Researchers with In Q Tel, a CIA-backed investment firm, and AI Reverie, an In Q Tel-backed startup, want to use synthetic data to improve satellite surveillance. To do this, they've developed a dataset called Rareplanes that pairs real satellite data with synthetically generated stuff, for the purpose of identifying aircraft from satellite imagery.

"Overhead datasets remain one of the best avenues for developing new computer vision methods that can adapt to limited sensor resolution, variable look angles, and locate tightly grouped, cluttered objects," they write. "Such methods can extend beyond the overhead space and be helpful in other domains such as face-id, autonomous driving, and surveillance"
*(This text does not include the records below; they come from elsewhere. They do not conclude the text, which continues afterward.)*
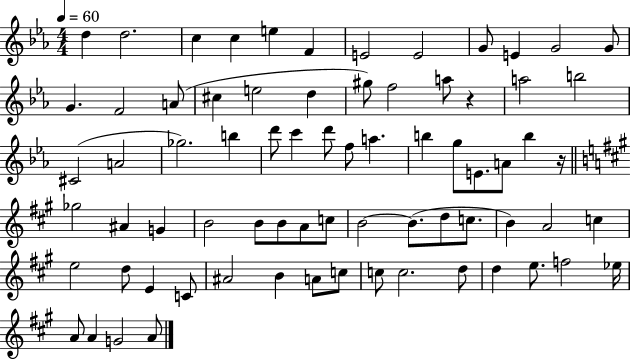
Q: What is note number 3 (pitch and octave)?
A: C5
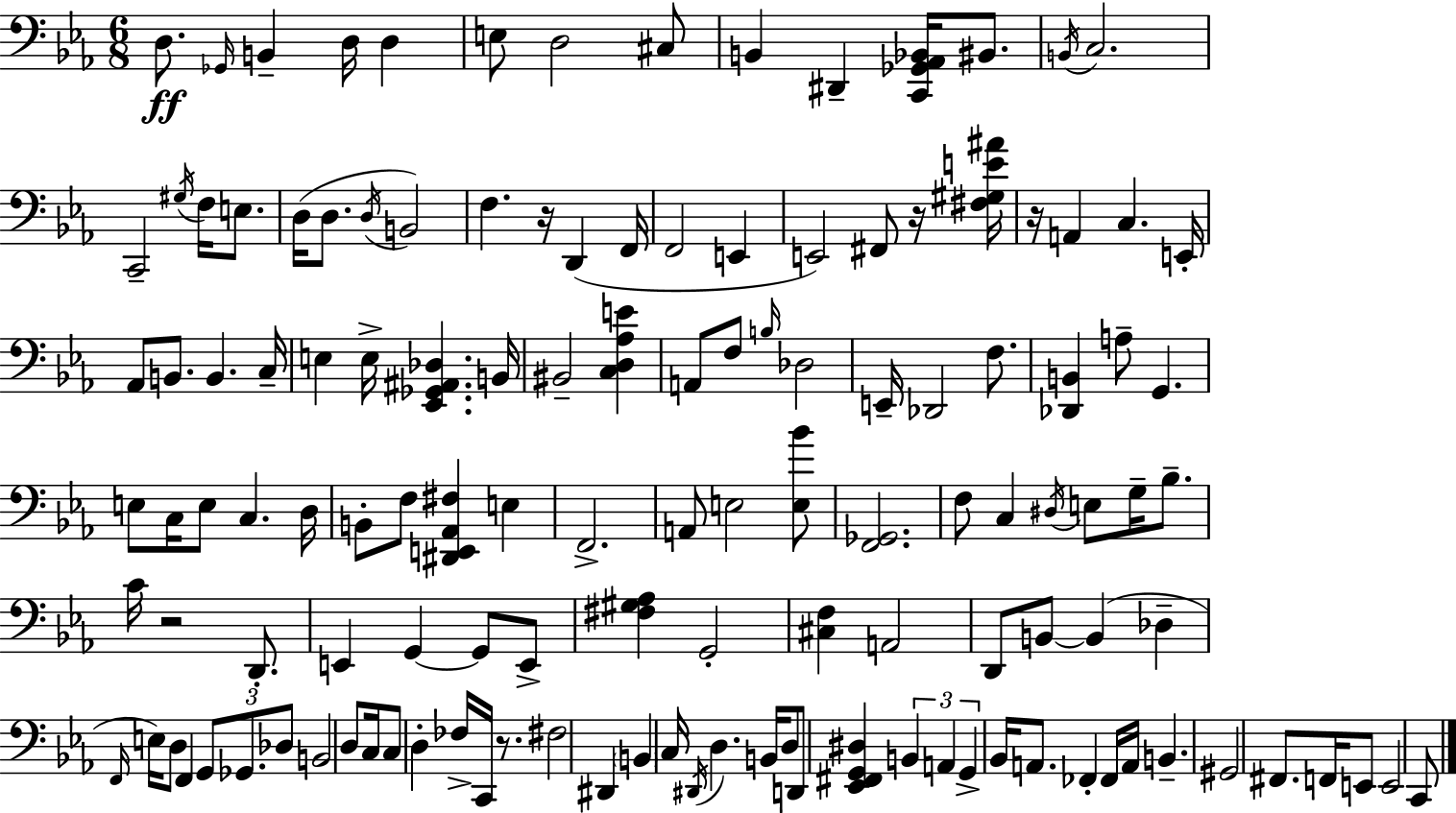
{
  \clef bass
  \numericTimeSignature
  \time 6/8
  \key ees \major
  \repeat volta 2 { d8.\ff \grace { ges,16 } b,4-- d16 d4 | e8 d2 cis8 | b,4 dis,4-- <c, ges, aes, bes,>16 bis,8. | \acciaccatura { b,16 } c2. | \break c,2-- \acciaccatura { gis16 } f16 | e8. d16( d8. \acciaccatura { d16 } b,2) | f4. r16 d,4( | f,16 f,2 | \break e,4 e,2) | fis,8 r16 <fis gis e' ais'>16 r16 a,4 c4. | e,16-. aes,8 b,8. b,4. | c16-- e4 e16-> <ees, ges, ais, des>4. | \break b,16 bis,2-- | <c d aes e'>4 a,8 f8 \grace { b16 } des2 | e,16-- des,2 | f8. <des, b,>4 a8-- g,4. | \break e8 c16 e8 c4. | d16 b,8-. f8 <dis, e, aes, fis>4 | e4 f,2.-> | a,8 e2 | \break <e bes'>8 <f, ges,>2. | f8 c4 \acciaccatura { dis16 } | e8 g16-- bes8.-- c'16 r2 | d,8.-. e,4 g,4~~ | \break g,8 e,8-> <fis gis aes>4 g,2-. | <cis f>4 a,2 | d,8 b,8~~ b,4( | des4-- \grace { f,16 }) e16 d8 f,4 | \break \tuplet 3/2 { g,8 ges,8. des8 } b,2 | d8 c16 c8 d4-. | fes16-> c,16 r8. fis2 | dis,4 \parenthesize b,4 c16 | \break \acciaccatura { dis,16 } d4. b,16 d8 d,8 | <ees, fis, g, dis>4 \tuplet 3/2 { b,4 a,4 | g,4-> } bes,16 a,8. fes,4-. | fes,16 a,16 b,4.-- gis,2 | \break fis,8. f,16 e,8 e,2 | c,8 } \bar "|."
}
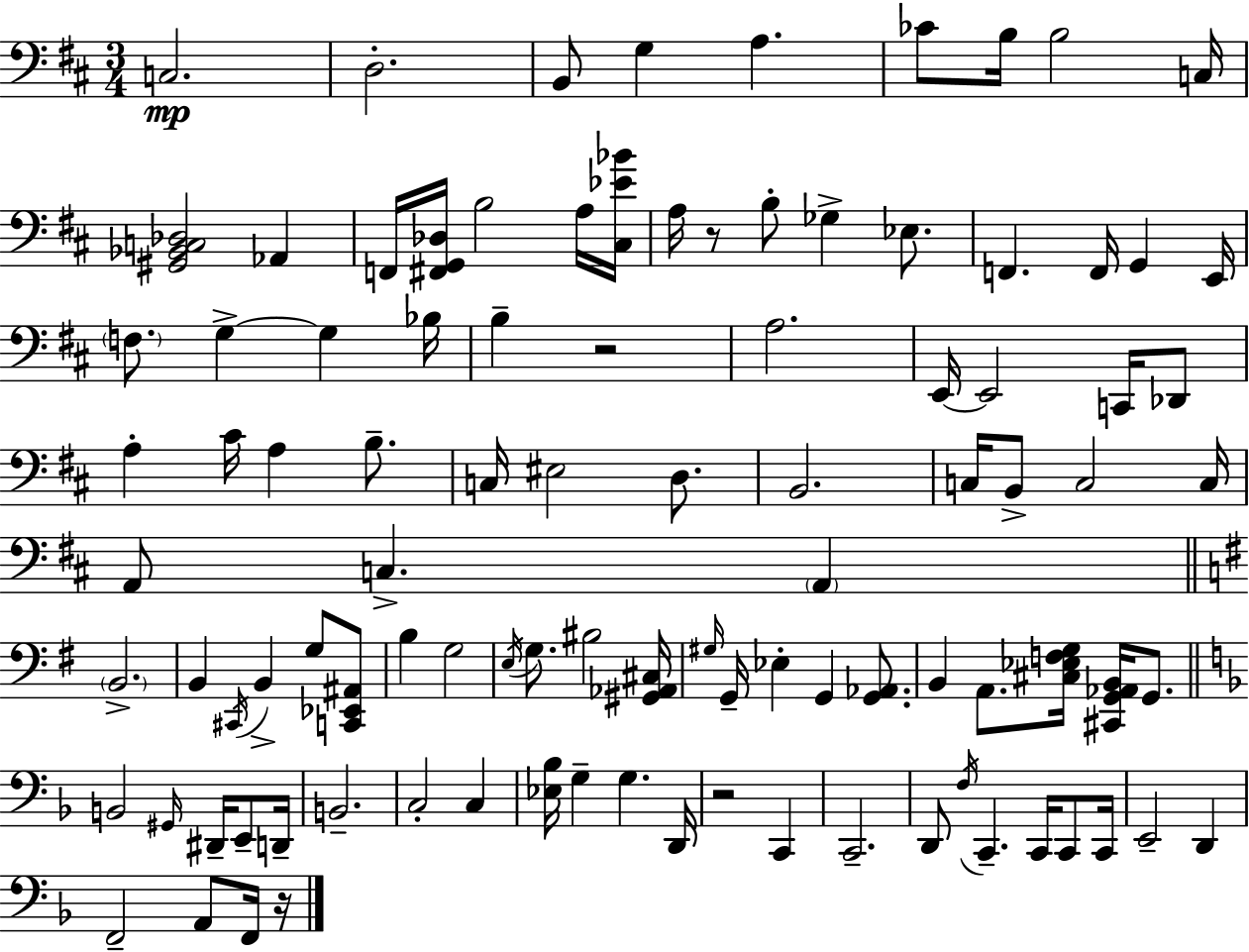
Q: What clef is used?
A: bass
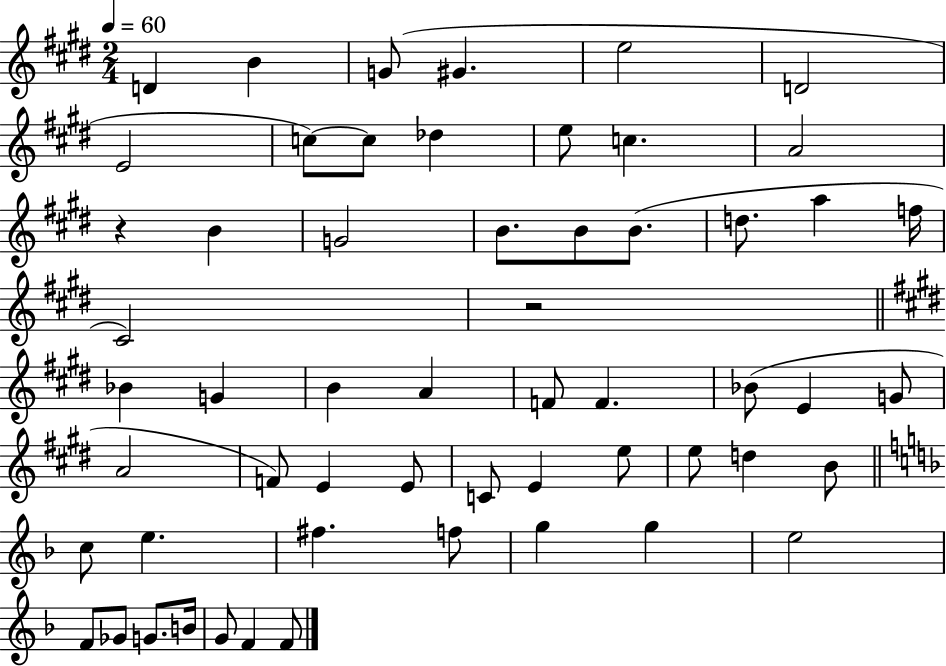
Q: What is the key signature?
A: E major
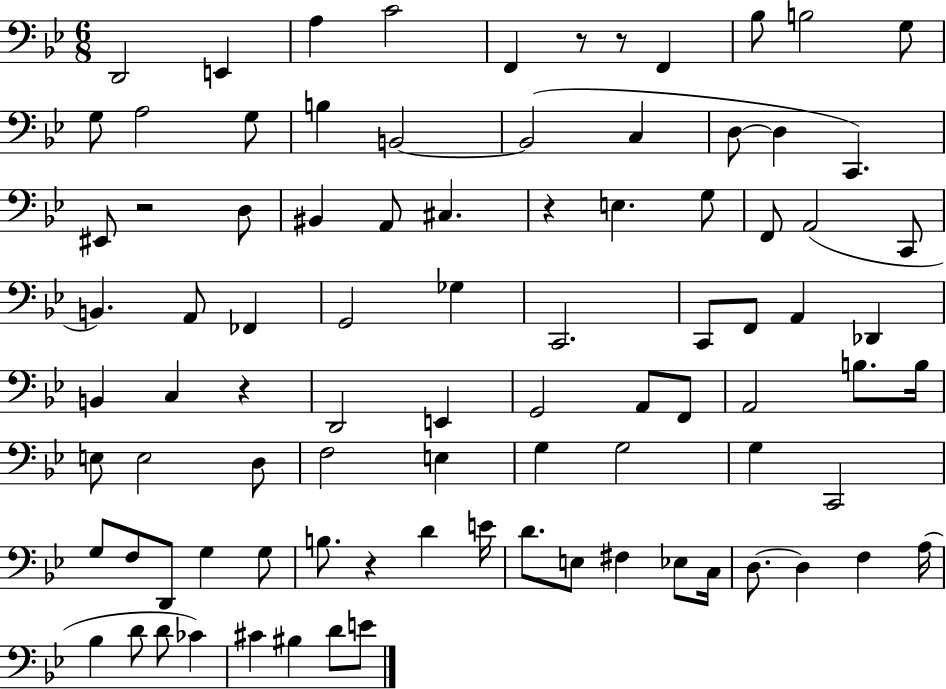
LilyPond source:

{
  \clef bass
  \numericTimeSignature
  \time 6/8
  \key bes \major
  d,2 e,4 | a4 c'2 | f,4 r8 r8 f,4 | bes8 b2 g8 | \break g8 a2 g8 | b4 b,2~~ | b,2( c4 | d8~~ d4 c,4.) | \break eis,8 r2 d8 | bis,4 a,8 cis4. | r4 e4. g8 | f,8 a,2( c,8 | \break b,4.) a,8 fes,4 | g,2 ges4 | c,2. | c,8 f,8 a,4 des,4 | \break b,4 c4 r4 | d,2 e,4 | g,2 a,8 f,8 | a,2 b8. b16 | \break e8 e2 d8 | f2 e4 | g4 g2 | g4 c,2 | \break g8 f8 d,8 g4 g8 | b8. r4 d'4 e'16 | d'8. e8 fis4 ees8 c16 | d8.~~ d4 f4 a16( | \break bes4 d'8 d'8 ces'4) | cis'4 bis4 d'8 e'8 | \bar "|."
}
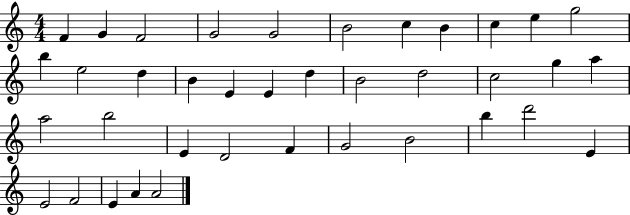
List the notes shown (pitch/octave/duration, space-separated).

F4/q G4/q F4/h G4/h G4/h B4/h C5/q B4/q C5/q E5/q G5/h B5/q E5/h D5/q B4/q E4/q E4/q D5/q B4/h D5/h C5/h G5/q A5/q A5/h B5/h E4/q D4/h F4/q G4/h B4/h B5/q D6/h E4/q E4/h F4/h E4/q A4/q A4/h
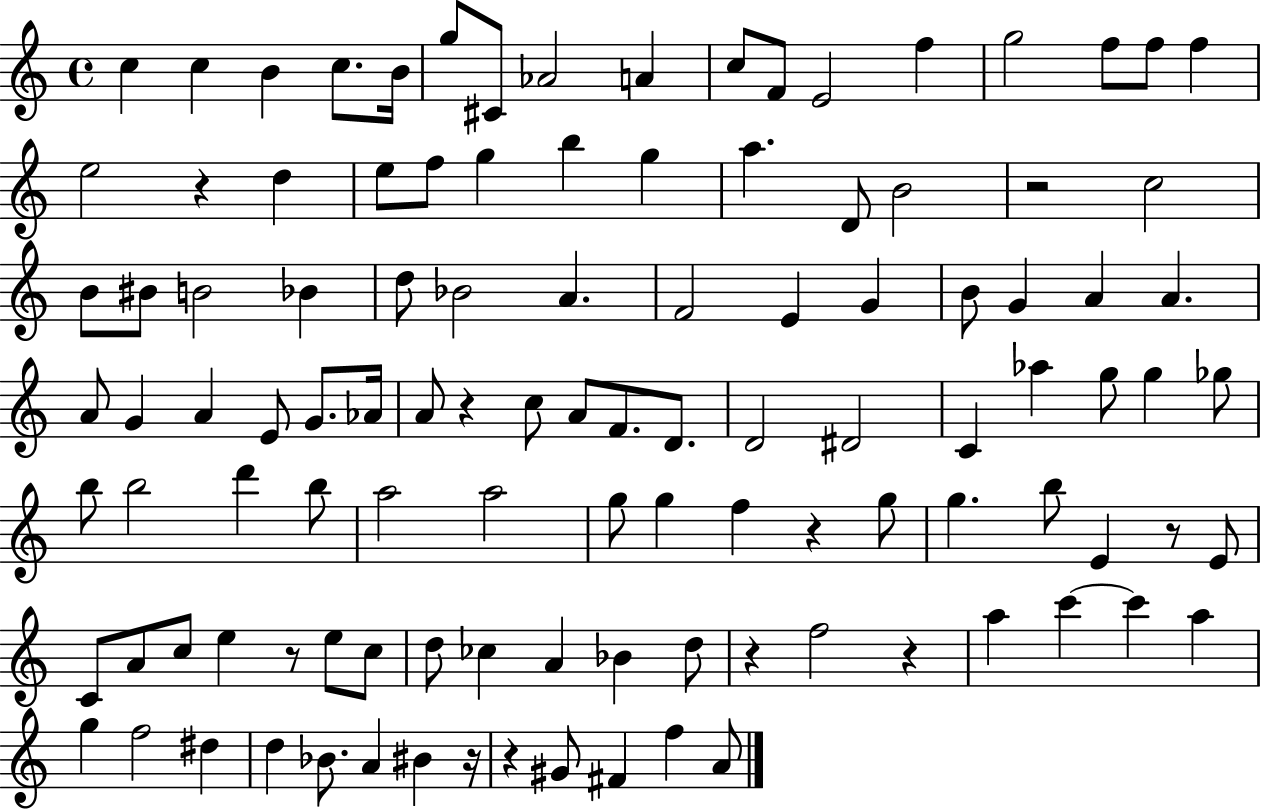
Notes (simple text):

C5/q C5/q B4/q C5/e. B4/s G5/e C#4/e Ab4/h A4/q C5/e F4/e E4/h F5/q G5/h F5/e F5/e F5/q E5/h R/q D5/q E5/e F5/e G5/q B5/q G5/q A5/q. D4/e B4/h R/h C5/h B4/e BIS4/e B4/h Bb4/q D5/e Bb4/h A4/q. F4/h E4/q G4/q B4/e G4/q A4/q A4/q. A4/e G4/q A4/q E4/e G4/e. Ab4/s A4/e R/q C5/e A4/e F4/e. D4/e. D4/h D#4/h C4/q Ab5/q G5/e G5/q Gb5/e B5/e B5/h D6/q B5/e A5/h A5/h G5/e G5/q F5/q R/q G5/e G5/q. B5/e E4/q R/e E4/e C4/e A4/e C5/e E5/q R/e E5/e C5/e D5/e CES5/q A4/q Bb4/q D5/e R/q F5/h R/q A5/q C6/q C6/q A5/q G5/q F5/h D#5/q D5/q Bb4/e. A4/q BIS4/q R/s R/q G#4/e F#4/q F5/q A4/e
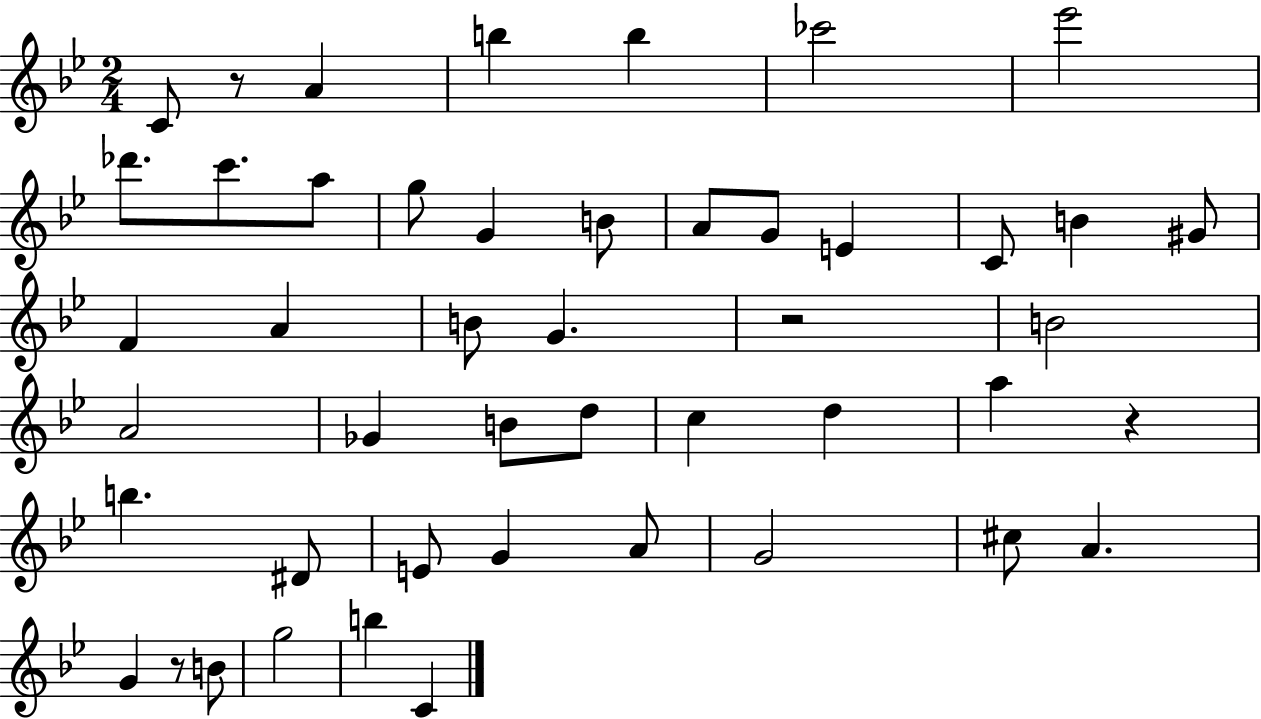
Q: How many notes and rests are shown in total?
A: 47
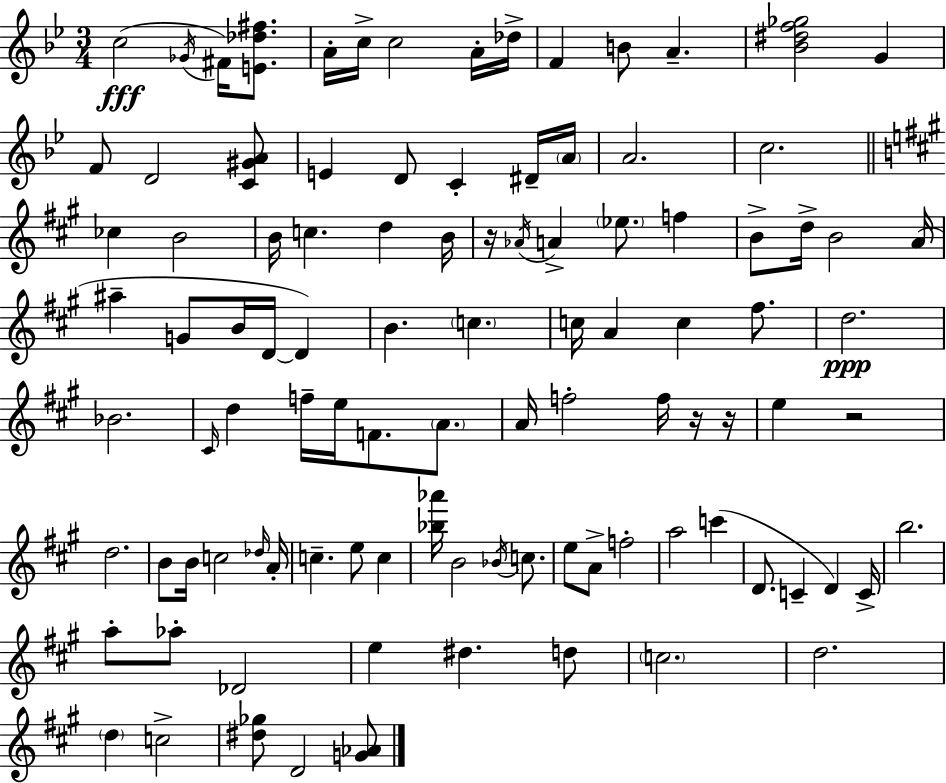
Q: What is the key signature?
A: BES major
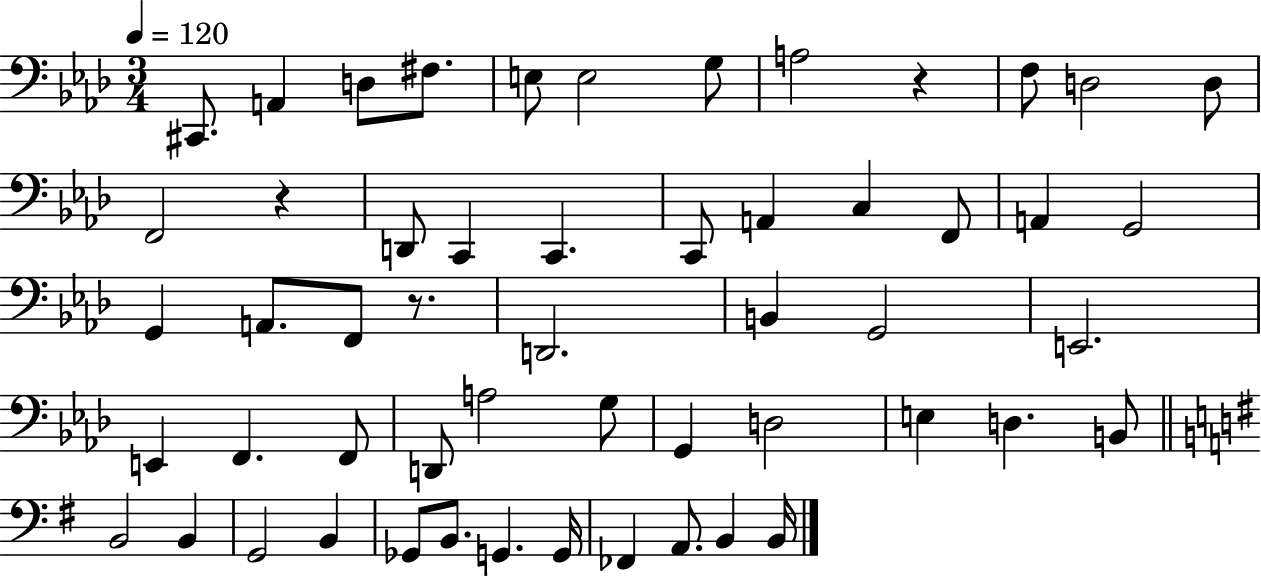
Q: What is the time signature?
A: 3/4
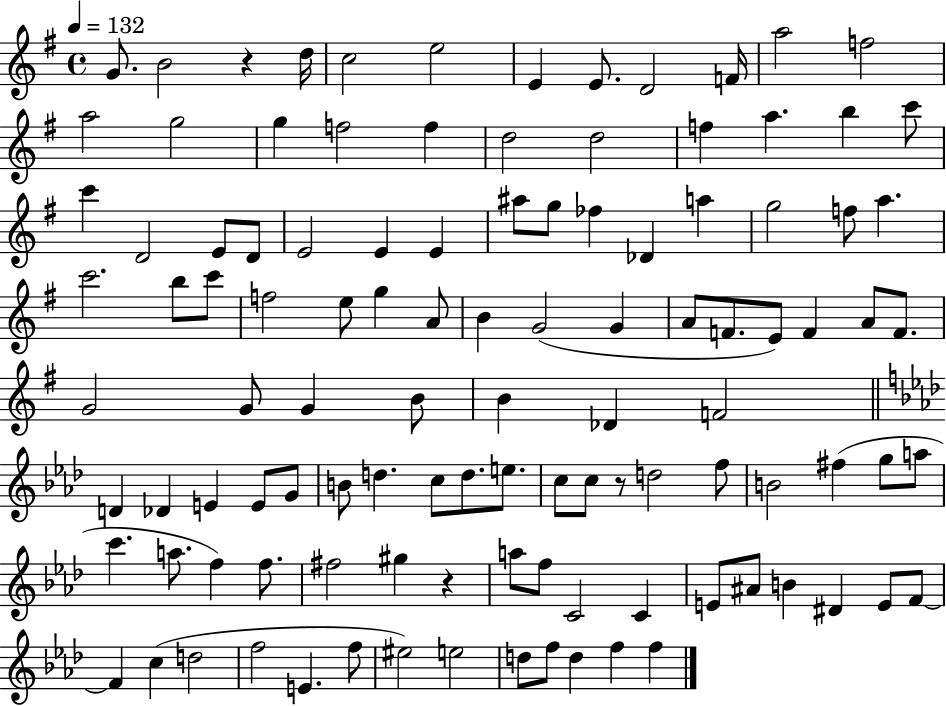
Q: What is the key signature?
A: G major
What goes into RarePlanes?
- Real data: 253 Maxar WorldView-3 satellite images with 14,700 hand annotated aircraft, spread across 112 real locations.
- Synthetic data: 50 images with 630,000 annotations, spread across 15 synthetic locations.

Fine-grained plane labels: The dataset labels thousands of planes with detailed attributes, such as wing position, number of engines, and sub-types of plane (e.g, whether a type of military plane, or a civil plane).

Simulating...Atlanta? The synthetic portion of the dataset contains data simulated to be from cities across Europe, Asia, North America, and Russia.

Why this matters - arbitraging compute for data: In tests, they show that if you use a small amount of real data and a large amount of synthetic data, you can train systems that approach the accuracy of those trained entirely on real data. This is promising: it suggests we'll be able to arbitrage spending money on compute to generate data, with spending money on generating real data (which I imagine can be quite expensive for satellite imagery).
  Dataset: The dataset can allegedly be downloaded from this link, but the webpage currently says "this content is password protected".
  Read more: RarePlanes: Synthetic Data Takes Flight (arXiv).
  Keep an eye on the AI Reverie github, in case they post synthetic data there (GitHub).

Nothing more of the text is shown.